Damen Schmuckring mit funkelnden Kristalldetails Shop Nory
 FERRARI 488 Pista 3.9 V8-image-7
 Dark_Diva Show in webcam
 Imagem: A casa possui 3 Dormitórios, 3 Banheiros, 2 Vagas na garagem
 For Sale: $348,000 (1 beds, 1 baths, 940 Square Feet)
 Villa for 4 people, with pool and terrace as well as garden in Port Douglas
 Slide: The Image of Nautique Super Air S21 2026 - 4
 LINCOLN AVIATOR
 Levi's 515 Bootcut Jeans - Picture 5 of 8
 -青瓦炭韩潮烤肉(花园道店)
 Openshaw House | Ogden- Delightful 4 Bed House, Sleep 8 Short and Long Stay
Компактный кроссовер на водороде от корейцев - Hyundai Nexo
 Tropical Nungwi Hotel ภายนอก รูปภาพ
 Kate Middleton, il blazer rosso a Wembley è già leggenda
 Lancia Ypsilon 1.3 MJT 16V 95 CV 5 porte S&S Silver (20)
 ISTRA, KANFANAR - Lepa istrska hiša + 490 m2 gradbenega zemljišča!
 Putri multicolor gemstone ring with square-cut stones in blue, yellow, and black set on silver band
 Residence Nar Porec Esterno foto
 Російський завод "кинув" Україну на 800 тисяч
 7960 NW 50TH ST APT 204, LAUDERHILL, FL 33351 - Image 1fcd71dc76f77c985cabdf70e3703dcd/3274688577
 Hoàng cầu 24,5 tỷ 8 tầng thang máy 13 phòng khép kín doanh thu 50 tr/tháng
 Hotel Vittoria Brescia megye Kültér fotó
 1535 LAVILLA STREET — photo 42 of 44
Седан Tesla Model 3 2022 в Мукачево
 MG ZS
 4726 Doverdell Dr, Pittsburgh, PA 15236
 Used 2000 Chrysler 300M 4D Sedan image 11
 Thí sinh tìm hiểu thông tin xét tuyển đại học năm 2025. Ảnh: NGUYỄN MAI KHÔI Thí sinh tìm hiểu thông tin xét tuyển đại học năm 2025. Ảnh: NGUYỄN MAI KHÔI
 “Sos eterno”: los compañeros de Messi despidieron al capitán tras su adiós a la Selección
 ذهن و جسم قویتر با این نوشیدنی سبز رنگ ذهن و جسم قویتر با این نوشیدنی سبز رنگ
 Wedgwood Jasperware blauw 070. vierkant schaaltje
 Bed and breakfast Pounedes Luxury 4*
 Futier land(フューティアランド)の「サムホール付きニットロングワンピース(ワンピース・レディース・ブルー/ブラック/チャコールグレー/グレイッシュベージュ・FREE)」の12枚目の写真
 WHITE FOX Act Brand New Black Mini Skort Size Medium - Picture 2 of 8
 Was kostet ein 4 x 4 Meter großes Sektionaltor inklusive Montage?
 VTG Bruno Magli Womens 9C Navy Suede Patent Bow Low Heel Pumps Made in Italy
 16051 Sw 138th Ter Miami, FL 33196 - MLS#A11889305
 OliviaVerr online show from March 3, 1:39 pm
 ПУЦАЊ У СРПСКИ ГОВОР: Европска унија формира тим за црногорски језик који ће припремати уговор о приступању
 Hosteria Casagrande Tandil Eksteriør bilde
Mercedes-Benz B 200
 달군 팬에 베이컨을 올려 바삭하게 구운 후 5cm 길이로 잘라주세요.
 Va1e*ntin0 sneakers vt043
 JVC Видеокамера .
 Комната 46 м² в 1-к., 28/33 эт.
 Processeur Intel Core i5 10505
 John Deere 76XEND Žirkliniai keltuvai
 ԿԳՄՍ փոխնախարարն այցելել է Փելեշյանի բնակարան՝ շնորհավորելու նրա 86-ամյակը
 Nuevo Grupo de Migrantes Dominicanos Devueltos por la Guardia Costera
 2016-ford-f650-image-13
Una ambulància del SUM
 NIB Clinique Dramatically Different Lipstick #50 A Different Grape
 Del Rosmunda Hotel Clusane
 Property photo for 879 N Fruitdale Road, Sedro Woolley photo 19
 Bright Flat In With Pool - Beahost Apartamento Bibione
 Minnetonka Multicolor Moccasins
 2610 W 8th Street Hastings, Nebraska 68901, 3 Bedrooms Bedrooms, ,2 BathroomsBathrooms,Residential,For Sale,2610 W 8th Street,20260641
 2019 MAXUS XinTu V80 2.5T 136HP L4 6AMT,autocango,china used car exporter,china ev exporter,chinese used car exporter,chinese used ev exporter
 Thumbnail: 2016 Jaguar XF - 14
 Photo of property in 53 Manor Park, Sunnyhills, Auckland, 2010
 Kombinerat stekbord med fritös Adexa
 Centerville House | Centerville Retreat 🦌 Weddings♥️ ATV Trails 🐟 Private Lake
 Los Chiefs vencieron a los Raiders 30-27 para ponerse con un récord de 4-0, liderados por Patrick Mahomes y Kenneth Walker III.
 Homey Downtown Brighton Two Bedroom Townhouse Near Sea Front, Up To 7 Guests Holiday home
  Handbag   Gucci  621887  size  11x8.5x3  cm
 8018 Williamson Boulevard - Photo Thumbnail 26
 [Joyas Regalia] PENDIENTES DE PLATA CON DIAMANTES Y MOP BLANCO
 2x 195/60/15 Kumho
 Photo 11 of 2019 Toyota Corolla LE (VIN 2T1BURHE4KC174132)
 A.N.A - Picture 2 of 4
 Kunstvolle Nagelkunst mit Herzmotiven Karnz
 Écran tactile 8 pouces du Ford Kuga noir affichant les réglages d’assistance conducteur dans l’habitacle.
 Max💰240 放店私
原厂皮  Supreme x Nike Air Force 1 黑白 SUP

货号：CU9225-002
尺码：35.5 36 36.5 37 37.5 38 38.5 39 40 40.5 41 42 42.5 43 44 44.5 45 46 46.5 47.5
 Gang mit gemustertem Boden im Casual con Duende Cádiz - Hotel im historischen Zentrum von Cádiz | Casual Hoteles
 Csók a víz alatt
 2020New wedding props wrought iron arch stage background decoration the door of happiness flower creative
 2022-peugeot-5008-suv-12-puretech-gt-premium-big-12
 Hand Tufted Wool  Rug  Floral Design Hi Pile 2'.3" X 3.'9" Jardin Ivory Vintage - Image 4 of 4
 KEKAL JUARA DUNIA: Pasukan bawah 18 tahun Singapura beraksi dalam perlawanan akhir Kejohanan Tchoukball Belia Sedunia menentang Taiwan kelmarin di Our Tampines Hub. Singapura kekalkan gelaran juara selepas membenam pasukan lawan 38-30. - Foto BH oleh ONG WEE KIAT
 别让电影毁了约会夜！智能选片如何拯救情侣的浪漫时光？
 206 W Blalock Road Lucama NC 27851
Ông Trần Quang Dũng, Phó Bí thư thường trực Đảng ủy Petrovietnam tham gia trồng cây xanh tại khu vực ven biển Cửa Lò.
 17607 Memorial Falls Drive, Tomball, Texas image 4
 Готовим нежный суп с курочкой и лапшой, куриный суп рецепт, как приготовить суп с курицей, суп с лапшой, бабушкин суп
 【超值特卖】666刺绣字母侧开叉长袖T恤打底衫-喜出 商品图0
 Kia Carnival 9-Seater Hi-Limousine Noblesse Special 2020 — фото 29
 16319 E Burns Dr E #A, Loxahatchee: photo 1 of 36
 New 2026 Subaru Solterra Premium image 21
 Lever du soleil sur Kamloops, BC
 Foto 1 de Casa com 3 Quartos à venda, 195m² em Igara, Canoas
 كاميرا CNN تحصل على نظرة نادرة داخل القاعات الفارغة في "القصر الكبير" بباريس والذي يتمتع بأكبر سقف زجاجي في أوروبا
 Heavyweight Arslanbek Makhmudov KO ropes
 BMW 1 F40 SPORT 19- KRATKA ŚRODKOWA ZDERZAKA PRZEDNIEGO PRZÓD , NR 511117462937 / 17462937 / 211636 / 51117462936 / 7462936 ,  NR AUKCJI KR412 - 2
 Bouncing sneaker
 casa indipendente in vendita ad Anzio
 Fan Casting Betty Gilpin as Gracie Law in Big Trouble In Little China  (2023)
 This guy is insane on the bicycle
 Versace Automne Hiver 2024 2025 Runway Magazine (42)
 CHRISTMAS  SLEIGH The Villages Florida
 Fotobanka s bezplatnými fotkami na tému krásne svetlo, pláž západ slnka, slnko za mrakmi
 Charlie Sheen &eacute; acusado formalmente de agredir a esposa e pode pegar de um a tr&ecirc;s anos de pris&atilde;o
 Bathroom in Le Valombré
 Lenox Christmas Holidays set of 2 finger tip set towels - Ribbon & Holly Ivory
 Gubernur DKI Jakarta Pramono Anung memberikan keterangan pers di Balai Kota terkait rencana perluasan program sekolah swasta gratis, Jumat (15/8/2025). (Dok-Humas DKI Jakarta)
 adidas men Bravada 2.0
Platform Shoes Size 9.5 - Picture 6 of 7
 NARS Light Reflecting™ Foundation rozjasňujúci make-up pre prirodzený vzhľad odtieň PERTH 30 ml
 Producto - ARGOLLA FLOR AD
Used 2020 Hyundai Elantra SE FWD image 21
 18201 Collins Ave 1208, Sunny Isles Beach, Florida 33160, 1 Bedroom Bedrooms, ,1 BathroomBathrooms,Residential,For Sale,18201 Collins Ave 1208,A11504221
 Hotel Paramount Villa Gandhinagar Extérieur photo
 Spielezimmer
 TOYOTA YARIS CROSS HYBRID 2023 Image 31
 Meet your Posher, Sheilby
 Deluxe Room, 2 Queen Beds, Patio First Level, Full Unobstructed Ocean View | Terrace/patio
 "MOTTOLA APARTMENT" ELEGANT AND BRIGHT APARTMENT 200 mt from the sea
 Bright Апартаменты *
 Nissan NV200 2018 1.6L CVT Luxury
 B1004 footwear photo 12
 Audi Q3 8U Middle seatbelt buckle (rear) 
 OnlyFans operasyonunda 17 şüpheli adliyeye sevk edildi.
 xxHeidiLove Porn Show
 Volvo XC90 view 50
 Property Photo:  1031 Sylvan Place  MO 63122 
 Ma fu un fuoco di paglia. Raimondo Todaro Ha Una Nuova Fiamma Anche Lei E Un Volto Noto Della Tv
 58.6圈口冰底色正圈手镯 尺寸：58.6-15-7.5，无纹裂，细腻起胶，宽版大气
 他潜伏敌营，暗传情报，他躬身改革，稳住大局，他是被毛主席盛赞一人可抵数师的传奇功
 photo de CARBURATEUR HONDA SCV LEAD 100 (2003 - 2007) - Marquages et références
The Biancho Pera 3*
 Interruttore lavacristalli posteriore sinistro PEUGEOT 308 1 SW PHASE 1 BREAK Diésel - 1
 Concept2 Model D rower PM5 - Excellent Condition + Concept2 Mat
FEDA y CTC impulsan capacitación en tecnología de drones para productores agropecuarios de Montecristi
- - - -
-- Task instructions --
Please transcribe the data above without changes, from its first line to its "a la Selección" line, and leave out anything past that.

-- Output for this task --
Damen Schmuckring mit funkelnden Kristalldetails Shop Nory
 FERRARI 488 Pista 3.9 V8-image-7
 Dark_Diva Show in webcam
 Imagem: A casa possui 3 Dormitórios, 3 Banheiros, 2 Vagas na garagem
 For Sale: $348,000 (1 beds, 1 baths, 940 Square Feet)
 Villa for 4 people, with pool and terrace as well as garden in Port Douglas
 Slide: The Image of Nautique Super Air S21 2026 - 4
 LINCOLN AVIATOR
 Levi's 515 Bootcut Jeans - Picture 5 of 8
 -青瓦炭韩潮烤肉(花园道店)
 Openshaw House | Ogden- Delightful 4 Bed House, Sleep 8 Short and Long Stay
Компактный кроссовер на водороде от корейцев - Hyundai Nexo
 Tropical Nungwi Hotel ภายนอก รูปภาพ
 Kate Middleton, il blazer rosso a Wembley è già leggenda
 Lancia Ypsilon 1.3 MJT 16V 95 CV 5 porte S&S Silver (20)
 ISTRA, KANFANAR - Lepa istrska hiša + 490 m2 gradbenega zemljišča!
 Putri multicolor gemstone ring with square-cut stones in blue, yellow, and black set on silver band
 Residence Nar Porec Esterno foto
 Російський завод "кинув" Україну на 800 тисяч
 7960 NW 50TH ST APT 204, LAUDERHILL, FL 33351 - Image 1fcd71dc76f77c985cabdf70e3703dcd/3274688577
 Hoàng cầu 24,5 tỷ 8 tầng thang máy 13 phòng khép kín doanh thu 50 tr/tháng
 Hotel Vittoria Brescia megye Kültér fotó
 1535 LAVILLA STREET — photo 42 of 44
Седан Tesla Model 3 2022 в Мукачево
 MG ZS
 4726 Doverdell Dr, Pittsburgh, PA 15236
 Used 2000 Chrysler 300M 4D Sedan image 11
 Thí sinh tìm hiểu thông tin xét tuyển đại học năm 2025. Ảnh: NGUYỄN MAI KHÔI Thí sinh tìm hiểu thông tin xét tuyển đại học năm 2025. Ảnh: NGUYỄN MAI KHÔI
 “Sos eterno”: los compañeros de Messi despidieron al capitán tras su adiós a la Selección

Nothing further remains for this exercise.